Using "Forbidden" Food
''Forbidden'' foods are high-fat, high-sugar, relatively low-nutrient foods such as sweets, chips and sodas. As with everything else about parenting, using them is a balancing act. If you give your child unlimited access to these easy-to-like foods, she is likely to fill up on them and not be interested in learning to like more-challenging foods such as vegetables. On the other hand, you need to prepare her for when she can get unlimited access on her own.
Don't restrict "forbidden" food.
You might be able to keep "forbidden food" away from your child when she is little, but not when she is older and out on her own. The idea is to allow your child to feel relaxed and be matter-of-fact about all kinds of foods. Then, even when you aren't around to supervise, she will eat moderately of high-calorie, low-nutrient foods, the same as other foods. Research shows that children whose forbidden food intake is restricted eat more of them when they get the chance and are fatter than they might be otherwise.
Make wise use of ''forbidden'' food
- Include chips or fries at mealtime, and arrange to have enough so everyone can eat their fill. Unlike sweets, fatty foods don't compete with other mealtime foods.
- Put a serving of dessert (if you like dessert) at each person’s place. Let them eat it before, during, or after the meal. No seconds on dessert.
Periodically offer unlimited sweets at snack time.
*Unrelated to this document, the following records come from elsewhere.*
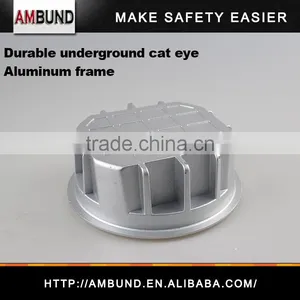 Heavy Duty Embedded Road Stud - Solar and Cable Type thumbnail-4
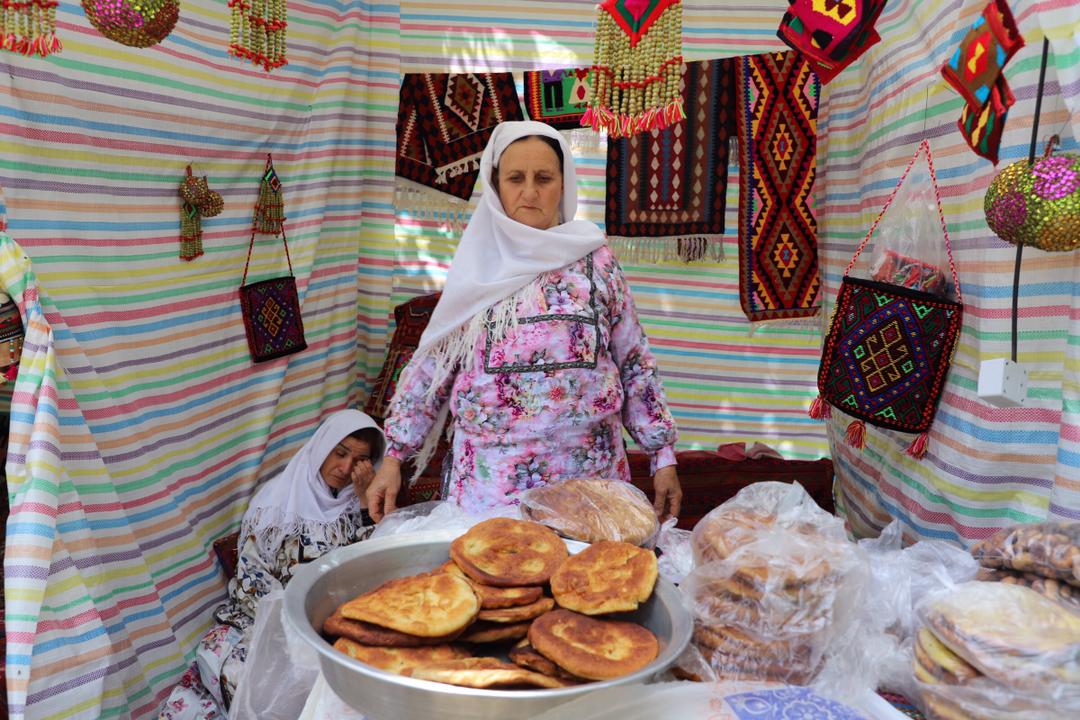 برگزاری نمایشگاه صنایع‌دستی و سوغات، محصولات کشاورزی در روستای ولیدر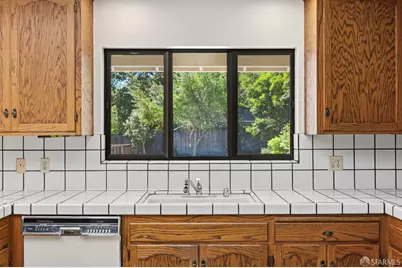 1322 Ashwood Court, San Mateo, CA 94402 - Photo 13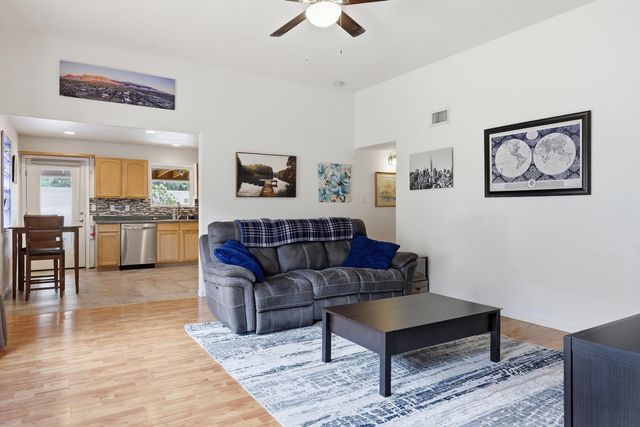5740 Pinon Grande Road NW, Albuquerque, NM 87114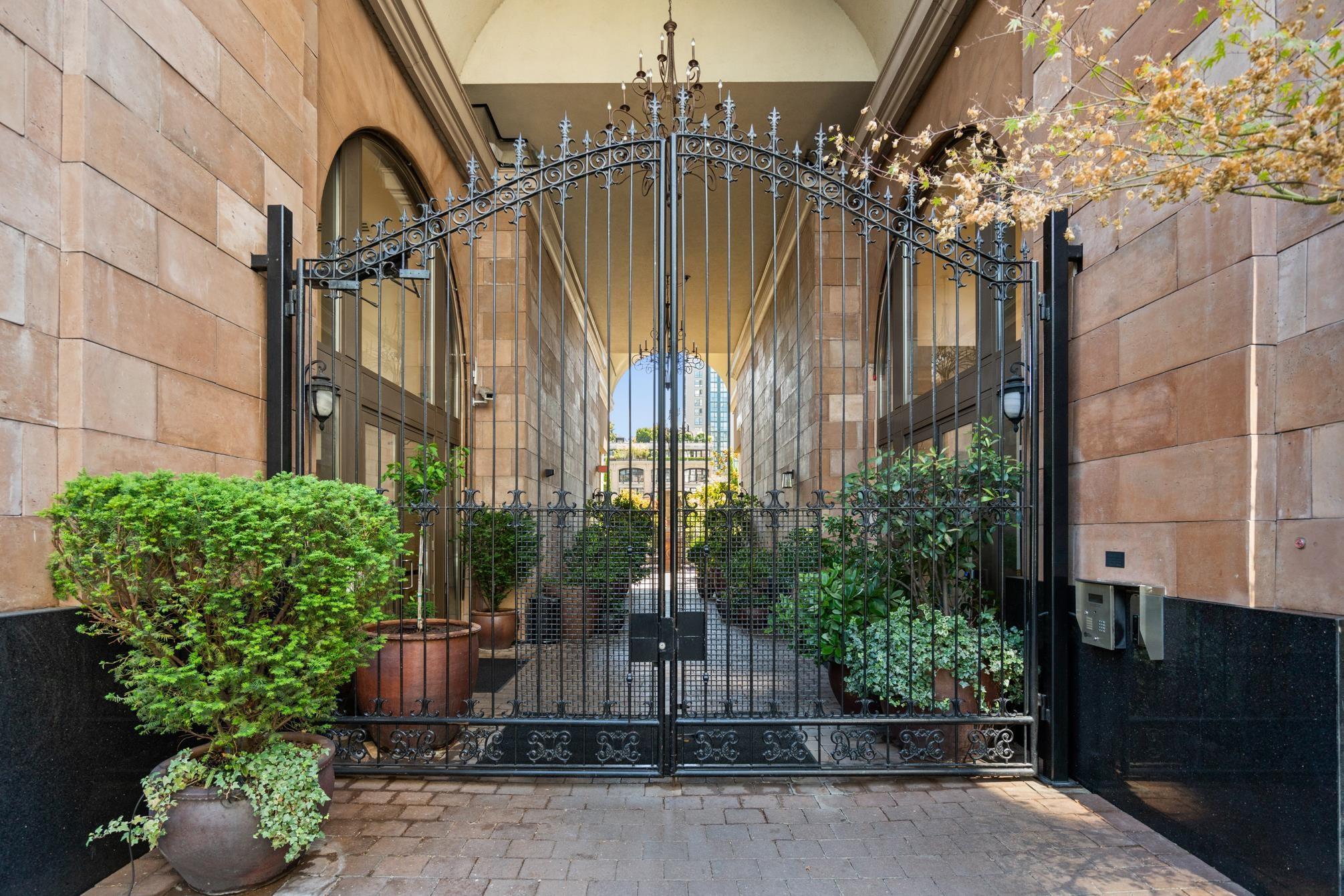 1280 RICHARDS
For instance, put on a plate of cookies or snack cakes and a glass of milk, and let her eat as many cookies as she wants.
Why limit sweets at mealtime but not snacktime?
The dessert recommendation breaks the rule of the division of responsibility, but with good reason. Your child will push herself along to learn and grow with food, but she will also take the easy way out if it is offered. Letting her fill up on dessert offers an easy way out. But because the dessert rule sets up scarcity with sweets, you must counteract that scarcity. At snack time (that would be a sit-down snack), you can let your child eat as many sweets as she wants because the sweets aren't competing with other meal-time foods. At first she will eat a lot of sweets, but the newness will wear off and after while she won't eat so many. Offering nutritious sweets, such as oatmeal cookies or banana bread, will make it easier for you to trust her to get enough!
What about soda?
If you drink soda, maintain a double standard. Tell your child it is a grownup drink, which it is. When she is old enough to learn about soda-drinking from friends-probably in middle school--arrange to have soda occasionally for snack or along with a particular meal, such as pizza or tacos. The trick is including it regularly enough so it doesn't get to be ''forbidden,'' but not making it available in unlimited quantities, all the time.